Credit: Brett Cannon
Python’s
time
module supplies the parsing function
strptime
only on some platforms, and not on
Windows. Example 17-2 shows a
strptime
function that is a pure Python implementation of the
time.strptime
function that comes with Python. It
is similar to how time.strptime
is documented in
the standard Python documentation. It accepts two more optional
arguments, as shown in the following signature:
strptime(string, format="%a %b %d %H:%M:%S %Y", option=AS_IS, locale_setting=ENGLISH)
option
’s default value of
AS_IS
gets time information from the string,
without any checking or filling-in. You can pass
option
as CHECK
, so that the
function makes sure that whatever information it gets is within
reasonable ranges (raising an exception otherwise), or
FILL_IN
(like CHECK
, but also
tries to fill in any missing information that can be computed).
locale_setting
accepts a locale tuple (as created
by LocaleAssembly
) to specify names of days,
months, and so on.

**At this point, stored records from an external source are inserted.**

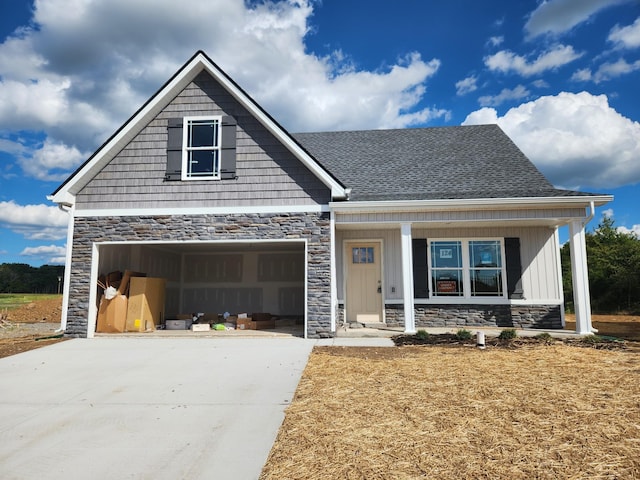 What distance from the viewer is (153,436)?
3.51 metres

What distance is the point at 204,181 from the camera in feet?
30.8

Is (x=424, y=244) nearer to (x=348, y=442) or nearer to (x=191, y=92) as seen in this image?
(x=191, y=92)

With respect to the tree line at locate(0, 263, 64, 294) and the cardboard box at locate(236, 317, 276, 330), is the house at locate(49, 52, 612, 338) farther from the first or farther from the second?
the tree line at locate(0, 263, 64, 294)

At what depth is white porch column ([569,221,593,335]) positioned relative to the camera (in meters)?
8.84

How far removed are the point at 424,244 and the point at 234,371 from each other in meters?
6.57

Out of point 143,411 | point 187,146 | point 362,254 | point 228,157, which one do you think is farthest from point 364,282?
point 143,411

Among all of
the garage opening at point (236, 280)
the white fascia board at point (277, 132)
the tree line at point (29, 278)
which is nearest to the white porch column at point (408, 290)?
the white fascia board at point (277, 132)

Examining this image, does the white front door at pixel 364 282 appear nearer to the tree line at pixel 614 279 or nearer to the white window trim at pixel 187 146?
the white window trim at pixel 187 146

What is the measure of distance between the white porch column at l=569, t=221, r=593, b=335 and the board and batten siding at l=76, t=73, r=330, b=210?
18.7 ft

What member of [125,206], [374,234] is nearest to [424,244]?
[374,234]

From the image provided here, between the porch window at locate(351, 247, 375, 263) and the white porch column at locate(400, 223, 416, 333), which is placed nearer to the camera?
the white porch column at locate(400, 223, 416, 333)

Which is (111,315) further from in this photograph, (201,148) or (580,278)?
(580,278)

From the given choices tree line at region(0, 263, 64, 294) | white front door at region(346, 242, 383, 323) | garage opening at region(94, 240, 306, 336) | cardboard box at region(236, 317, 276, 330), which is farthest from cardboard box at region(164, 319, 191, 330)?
tree line at region(0, 263, 64, 294)

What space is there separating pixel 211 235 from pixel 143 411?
5440 millimetres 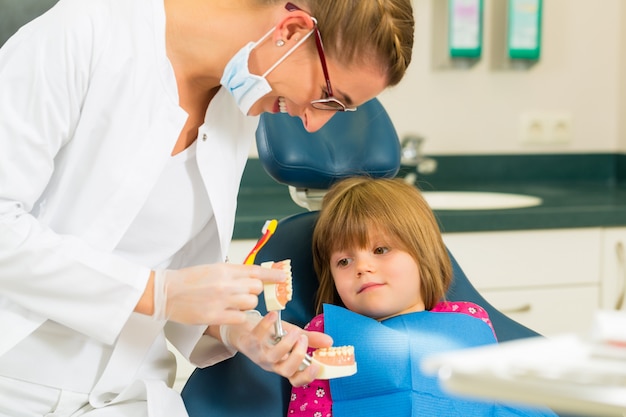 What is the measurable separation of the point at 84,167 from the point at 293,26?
0.37 metres

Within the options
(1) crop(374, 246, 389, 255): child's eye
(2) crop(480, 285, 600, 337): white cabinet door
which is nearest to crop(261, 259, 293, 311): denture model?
(1) crop(374, 246, 389, 255): child's eye

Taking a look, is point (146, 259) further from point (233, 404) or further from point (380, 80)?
point (380, 80)

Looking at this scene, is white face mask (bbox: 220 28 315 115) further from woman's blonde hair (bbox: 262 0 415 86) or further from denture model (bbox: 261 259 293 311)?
denture model (bbox: 261 259 293 311)

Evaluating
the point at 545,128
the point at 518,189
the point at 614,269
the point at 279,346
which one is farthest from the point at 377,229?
the point at 545,128

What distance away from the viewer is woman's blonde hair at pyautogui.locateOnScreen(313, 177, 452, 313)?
5.24 feet

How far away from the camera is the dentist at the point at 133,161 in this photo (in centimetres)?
112

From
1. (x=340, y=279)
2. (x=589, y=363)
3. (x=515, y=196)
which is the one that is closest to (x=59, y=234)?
(x=340, y=279)

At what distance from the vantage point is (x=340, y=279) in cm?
157

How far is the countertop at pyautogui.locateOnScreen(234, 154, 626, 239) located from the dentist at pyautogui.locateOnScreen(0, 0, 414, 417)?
876 mm

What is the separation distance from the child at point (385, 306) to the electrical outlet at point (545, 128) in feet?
4.69

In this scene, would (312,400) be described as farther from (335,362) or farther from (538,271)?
(538,271)

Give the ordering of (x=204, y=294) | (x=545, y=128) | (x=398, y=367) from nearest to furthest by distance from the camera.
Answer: (x=204, y=294), (x=398, y=367), (x=545, y=128)

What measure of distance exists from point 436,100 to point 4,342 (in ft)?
6.69

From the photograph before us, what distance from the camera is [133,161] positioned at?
1.21 m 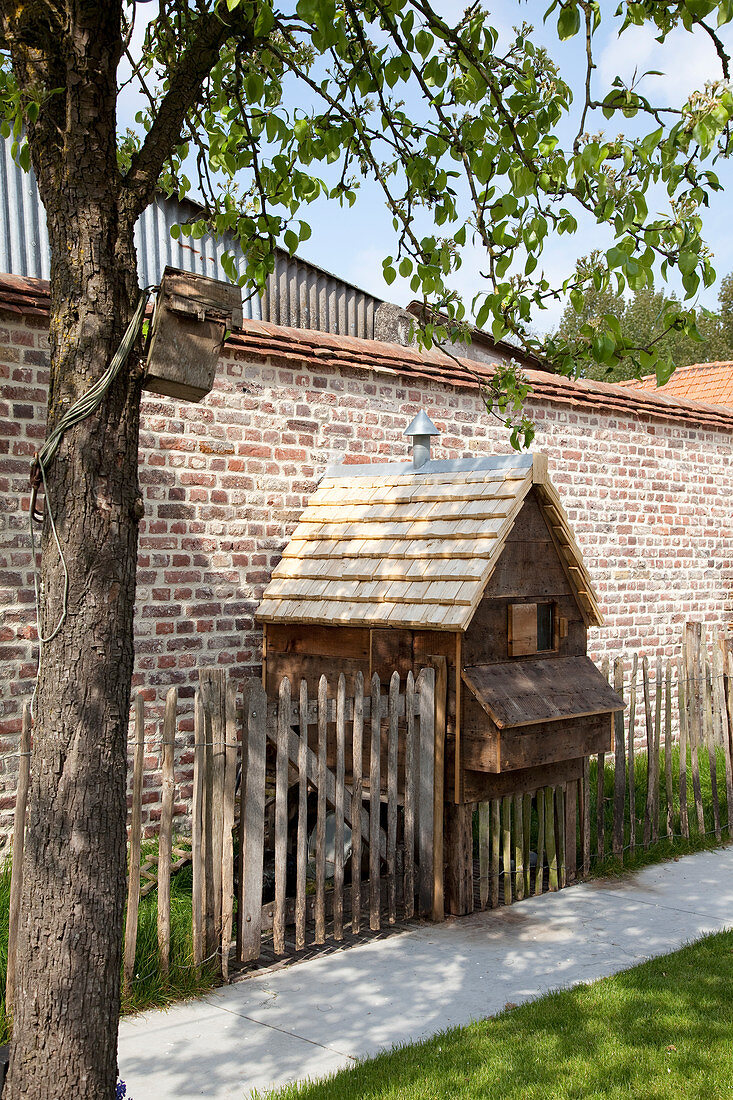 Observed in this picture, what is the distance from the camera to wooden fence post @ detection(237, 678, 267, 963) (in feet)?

Currently, ENGLISH
and
SWEDISH
locale tuples are built into this
recipe’s strptime
module.
Although this recipe’s strptime
cannot be as fast as the version in the standard Python library,
that’s hardly ever a major consideration for typical
strptime
use. This recipe does offer two
substantial advantages. It runs on any platform supporting Python and
gives perfectly identical results on different platforms, while
time.strptime
exists only on some platforms and
tends to have different quirks on each platform that supplies it. The
optional checking and filling-in of information that this recipe
provides is also quite handy.
The locale-setting support of this version of
strptime
was inspired by that in Andrew
Markebo’s own strptime
, which you
can find at http://www.fukt.hk-r.se/~flognat/hacks/strptime.py.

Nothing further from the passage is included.